A smartphone update, which is expected to be released by Apple later this month known as iOS 9.3, will make it easier for employees to find out if their employer is monitoring their communications or other activities by supervising their work iPhone. Users will receive a message on their iPhone lock screen and on the ‘about’ page in settings stating that ‘this iPhone is managed by your organisation’.
Bringing the matter out into the open, the update could disrupt workplace morale unless employers pre-empt it by reminding employees about any relevant monitoring and privacy policies. Some employers currently choose to include clauses written into employment contracts which permit them to monitor employee communications and other activities via their work phones and other mobile devices, as and when they wish. However, even if a business’ contract of employment does not provide this consent, it is best practice to have a clear policy in place and to ensure it is shared with employees regularly.
Aye Limbin Glassey, employment law partner at Shakespeare Martineau, says: “The update could unsettle some employees by making it clear whether their iPhone is being monitored by their employer or not. Some employees could become disgruntled if they find out their work iPhone is being monitored, while a colleague’s is not. Workers may not be aware that, under current law, employers are permitted to monitor their text and phone messages, as well as their internet use and email in some specific circumstances. For example, monitoring is allowed if employers have reason to believe that an employee is doing something which mayinclude criminal activity, or in the interests of national security. However, if an employee’s communications are being monitored for quality or business continuity reasons, the law states that they should be warned in advance that this might happen.
“Such activity could lead to workplace disputes, particularly if employers are unable to demonstrate that the criteria used to select which phones are monitored at any one time is not discriminatory and does not go beyond what is permitted by current legislation. Privacy is a sensitive area for many people and employers need to manage the changes with care.” While the release of the update will raise awareness among workers that their work phones and other mobile devices are being monitored, workplace policies in this area are unlikely to change. Aye Limbin Glassey explains:
“As long as monitoring and privacy policies are in place and are being communicated regularly, or if both parties have consented, employers will not need to change much. However, some may feel that the subject of privacy needs to be addressed with greater transparency.” It is possible that some employees may try to block any monitoring that they consider intrusive. However, they may not be aware that doing so could be grounds for disciplinary action under the terms of their employment contract. There was a case last year where an employee was sacked after removing a GPS tracking app from her phone.
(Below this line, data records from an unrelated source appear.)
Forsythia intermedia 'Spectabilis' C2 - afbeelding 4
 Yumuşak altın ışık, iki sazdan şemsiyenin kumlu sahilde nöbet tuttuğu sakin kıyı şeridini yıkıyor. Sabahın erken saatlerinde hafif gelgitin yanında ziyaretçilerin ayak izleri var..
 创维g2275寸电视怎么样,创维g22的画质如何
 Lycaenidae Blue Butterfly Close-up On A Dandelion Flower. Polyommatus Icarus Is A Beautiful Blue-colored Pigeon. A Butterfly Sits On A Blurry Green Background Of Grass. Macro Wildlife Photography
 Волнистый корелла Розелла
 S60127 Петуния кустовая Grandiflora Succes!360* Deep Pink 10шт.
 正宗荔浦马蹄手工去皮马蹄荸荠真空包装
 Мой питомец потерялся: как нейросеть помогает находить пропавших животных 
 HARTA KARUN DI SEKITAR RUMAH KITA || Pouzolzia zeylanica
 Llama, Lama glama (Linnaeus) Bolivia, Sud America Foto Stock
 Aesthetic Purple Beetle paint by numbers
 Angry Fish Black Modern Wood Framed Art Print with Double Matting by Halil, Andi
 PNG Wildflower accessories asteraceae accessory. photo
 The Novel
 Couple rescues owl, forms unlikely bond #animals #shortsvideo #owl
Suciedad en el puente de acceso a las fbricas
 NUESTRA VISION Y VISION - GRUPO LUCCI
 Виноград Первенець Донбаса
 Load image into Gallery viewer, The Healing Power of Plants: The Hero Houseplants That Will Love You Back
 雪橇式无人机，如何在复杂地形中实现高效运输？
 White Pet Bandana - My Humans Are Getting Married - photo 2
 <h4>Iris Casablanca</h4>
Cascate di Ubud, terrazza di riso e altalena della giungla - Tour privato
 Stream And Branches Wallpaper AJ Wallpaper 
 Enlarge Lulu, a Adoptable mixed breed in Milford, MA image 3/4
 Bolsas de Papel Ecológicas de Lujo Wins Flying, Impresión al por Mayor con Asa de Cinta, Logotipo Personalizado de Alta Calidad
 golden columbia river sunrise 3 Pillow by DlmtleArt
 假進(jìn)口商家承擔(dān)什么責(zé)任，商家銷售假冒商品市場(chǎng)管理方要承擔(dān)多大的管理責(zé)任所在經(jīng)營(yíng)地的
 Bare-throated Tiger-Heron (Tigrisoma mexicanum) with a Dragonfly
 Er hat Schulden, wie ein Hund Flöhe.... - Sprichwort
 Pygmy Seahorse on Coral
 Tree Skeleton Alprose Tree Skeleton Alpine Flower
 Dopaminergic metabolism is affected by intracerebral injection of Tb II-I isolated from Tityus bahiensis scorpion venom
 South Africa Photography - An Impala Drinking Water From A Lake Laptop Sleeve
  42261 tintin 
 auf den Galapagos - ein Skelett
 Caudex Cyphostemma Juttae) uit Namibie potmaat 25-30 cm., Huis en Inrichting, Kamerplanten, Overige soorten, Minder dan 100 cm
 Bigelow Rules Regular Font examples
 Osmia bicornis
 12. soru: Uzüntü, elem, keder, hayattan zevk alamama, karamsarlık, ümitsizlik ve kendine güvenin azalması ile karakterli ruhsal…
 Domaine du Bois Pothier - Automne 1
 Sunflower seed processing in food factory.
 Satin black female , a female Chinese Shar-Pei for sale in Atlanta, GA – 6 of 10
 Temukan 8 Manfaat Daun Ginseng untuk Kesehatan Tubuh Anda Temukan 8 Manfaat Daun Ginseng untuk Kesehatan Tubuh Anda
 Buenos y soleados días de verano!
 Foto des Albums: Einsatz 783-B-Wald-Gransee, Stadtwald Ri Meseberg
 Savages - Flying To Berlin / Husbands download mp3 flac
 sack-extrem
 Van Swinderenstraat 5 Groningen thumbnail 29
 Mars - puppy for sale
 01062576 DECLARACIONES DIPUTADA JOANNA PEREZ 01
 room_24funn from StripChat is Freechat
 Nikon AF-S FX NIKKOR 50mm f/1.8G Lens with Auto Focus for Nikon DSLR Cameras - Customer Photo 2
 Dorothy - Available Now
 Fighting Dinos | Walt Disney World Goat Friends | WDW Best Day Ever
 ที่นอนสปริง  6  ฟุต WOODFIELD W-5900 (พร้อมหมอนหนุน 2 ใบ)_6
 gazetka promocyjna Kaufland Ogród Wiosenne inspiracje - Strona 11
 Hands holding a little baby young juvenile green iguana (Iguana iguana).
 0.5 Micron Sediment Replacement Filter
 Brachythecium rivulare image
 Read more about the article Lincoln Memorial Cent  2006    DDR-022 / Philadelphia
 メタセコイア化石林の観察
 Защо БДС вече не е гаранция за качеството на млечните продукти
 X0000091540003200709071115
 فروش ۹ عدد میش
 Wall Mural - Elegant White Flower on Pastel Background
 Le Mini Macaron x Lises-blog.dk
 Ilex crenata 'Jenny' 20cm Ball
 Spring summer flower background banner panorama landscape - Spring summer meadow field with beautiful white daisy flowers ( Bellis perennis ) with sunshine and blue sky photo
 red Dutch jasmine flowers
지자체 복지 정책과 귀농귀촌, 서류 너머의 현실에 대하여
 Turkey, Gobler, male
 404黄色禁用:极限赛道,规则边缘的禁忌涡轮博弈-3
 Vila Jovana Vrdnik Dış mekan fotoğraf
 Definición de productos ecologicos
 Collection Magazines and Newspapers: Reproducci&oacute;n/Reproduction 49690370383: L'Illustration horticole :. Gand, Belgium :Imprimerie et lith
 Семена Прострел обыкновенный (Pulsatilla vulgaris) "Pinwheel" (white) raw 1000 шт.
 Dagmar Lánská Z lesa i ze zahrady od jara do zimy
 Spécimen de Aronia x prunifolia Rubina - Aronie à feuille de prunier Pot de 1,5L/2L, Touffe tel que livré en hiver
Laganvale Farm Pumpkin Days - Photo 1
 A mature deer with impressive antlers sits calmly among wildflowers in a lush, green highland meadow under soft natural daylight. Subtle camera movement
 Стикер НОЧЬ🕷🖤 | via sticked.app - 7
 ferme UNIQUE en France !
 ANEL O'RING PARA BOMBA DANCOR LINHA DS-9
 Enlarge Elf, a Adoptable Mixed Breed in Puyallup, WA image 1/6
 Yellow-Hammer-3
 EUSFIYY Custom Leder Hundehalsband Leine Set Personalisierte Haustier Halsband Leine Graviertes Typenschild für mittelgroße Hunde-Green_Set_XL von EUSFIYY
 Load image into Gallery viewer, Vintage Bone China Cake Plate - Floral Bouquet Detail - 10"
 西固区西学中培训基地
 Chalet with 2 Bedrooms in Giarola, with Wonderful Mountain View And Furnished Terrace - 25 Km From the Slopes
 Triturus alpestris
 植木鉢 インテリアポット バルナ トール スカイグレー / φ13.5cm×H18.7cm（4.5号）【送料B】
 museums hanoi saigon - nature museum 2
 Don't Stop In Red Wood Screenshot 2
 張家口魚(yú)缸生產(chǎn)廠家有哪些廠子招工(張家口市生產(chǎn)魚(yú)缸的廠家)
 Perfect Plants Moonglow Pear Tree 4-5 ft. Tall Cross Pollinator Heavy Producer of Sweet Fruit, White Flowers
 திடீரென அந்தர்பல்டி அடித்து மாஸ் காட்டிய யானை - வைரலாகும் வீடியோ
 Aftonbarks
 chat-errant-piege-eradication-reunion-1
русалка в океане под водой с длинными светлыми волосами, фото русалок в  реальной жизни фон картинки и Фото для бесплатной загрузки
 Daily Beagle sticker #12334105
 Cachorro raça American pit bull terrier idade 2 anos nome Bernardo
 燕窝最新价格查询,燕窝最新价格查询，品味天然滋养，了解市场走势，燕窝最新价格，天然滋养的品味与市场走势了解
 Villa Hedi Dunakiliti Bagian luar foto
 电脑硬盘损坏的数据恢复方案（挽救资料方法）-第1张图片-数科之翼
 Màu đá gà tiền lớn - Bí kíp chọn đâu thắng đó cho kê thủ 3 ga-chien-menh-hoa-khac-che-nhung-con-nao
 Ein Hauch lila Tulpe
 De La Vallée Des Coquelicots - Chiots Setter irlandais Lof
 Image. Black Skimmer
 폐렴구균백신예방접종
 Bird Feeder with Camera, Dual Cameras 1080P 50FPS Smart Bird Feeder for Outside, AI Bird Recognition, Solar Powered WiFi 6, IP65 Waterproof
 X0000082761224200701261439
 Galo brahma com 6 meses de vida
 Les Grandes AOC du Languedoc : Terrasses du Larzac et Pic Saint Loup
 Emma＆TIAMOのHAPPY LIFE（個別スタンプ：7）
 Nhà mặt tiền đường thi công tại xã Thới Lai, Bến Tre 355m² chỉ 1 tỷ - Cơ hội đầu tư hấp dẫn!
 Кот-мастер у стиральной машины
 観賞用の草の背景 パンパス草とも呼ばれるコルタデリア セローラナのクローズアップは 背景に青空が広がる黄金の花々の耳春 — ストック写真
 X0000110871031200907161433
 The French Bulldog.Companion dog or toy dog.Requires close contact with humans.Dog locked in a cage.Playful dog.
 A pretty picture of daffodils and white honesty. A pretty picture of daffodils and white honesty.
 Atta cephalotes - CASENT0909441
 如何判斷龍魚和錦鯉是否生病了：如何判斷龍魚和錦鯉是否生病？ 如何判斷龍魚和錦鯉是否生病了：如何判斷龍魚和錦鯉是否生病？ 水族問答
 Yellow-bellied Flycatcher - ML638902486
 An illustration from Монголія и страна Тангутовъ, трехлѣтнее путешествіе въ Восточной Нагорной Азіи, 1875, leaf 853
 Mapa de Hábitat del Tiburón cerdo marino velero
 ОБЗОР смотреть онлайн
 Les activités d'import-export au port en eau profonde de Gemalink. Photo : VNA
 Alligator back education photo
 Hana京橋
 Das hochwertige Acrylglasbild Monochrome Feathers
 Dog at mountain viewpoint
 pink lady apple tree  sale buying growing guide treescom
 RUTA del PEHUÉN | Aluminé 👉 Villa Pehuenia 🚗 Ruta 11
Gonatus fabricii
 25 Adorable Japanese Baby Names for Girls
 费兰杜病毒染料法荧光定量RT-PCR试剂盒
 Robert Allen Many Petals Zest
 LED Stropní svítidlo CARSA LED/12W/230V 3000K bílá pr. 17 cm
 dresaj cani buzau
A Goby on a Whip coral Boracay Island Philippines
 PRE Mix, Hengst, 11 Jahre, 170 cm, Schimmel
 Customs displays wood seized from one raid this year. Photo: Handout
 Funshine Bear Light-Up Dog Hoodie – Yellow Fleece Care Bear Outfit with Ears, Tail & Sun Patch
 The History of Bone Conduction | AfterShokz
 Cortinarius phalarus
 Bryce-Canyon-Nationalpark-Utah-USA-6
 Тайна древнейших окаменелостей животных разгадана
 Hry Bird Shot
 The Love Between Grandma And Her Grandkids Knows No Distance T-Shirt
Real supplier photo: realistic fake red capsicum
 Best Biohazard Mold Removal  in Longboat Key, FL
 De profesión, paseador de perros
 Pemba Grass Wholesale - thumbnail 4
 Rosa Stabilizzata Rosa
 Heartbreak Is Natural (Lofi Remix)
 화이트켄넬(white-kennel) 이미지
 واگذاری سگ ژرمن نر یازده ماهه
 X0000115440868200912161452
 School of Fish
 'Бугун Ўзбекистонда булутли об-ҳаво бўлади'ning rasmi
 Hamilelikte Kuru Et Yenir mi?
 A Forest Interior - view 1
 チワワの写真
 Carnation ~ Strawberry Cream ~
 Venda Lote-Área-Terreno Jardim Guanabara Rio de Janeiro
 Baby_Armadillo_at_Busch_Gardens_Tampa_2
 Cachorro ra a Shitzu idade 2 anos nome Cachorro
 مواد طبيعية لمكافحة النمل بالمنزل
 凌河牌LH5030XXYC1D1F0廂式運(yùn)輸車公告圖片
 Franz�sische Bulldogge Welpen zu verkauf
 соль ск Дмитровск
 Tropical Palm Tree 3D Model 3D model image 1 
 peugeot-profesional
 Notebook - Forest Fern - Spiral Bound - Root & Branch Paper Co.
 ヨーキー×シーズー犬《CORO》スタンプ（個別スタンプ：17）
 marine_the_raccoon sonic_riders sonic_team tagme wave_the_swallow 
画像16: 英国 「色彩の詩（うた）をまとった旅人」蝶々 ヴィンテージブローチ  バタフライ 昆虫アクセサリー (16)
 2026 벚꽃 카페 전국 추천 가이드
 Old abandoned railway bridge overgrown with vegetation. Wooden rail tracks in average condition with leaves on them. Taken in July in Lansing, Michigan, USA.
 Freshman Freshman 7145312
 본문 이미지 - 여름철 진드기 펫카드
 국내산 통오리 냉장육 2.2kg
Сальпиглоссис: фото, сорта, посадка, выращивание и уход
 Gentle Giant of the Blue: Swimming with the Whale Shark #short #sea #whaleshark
Aye Limbin Glassey concludes: “Workplace privacy is in the spotlight at the moment and employers need to take extra care to ensure that their policies are up to date and have been communicated to all workers clearly and openly. Ideally, these guidelines should link back to other employment measures, such as anti-discrimination and disciplinary policies, so that employees are fully aware of what constitutes inappropriate communication or device use, and the consequences of such actions.”